### [Exercise requirements]
All of the lines below should be copied word for word.

### [Given material]
>>>
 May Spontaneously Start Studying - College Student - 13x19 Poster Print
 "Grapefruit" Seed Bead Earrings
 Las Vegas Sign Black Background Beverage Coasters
<<<
### [Task solution]
 May Spontaneously Start Studying - College Student - 13x19 Poster Print
 "Grapefruit" Seed Bead Earrings
 Las Vegas Sign Black Background Beverage Coasters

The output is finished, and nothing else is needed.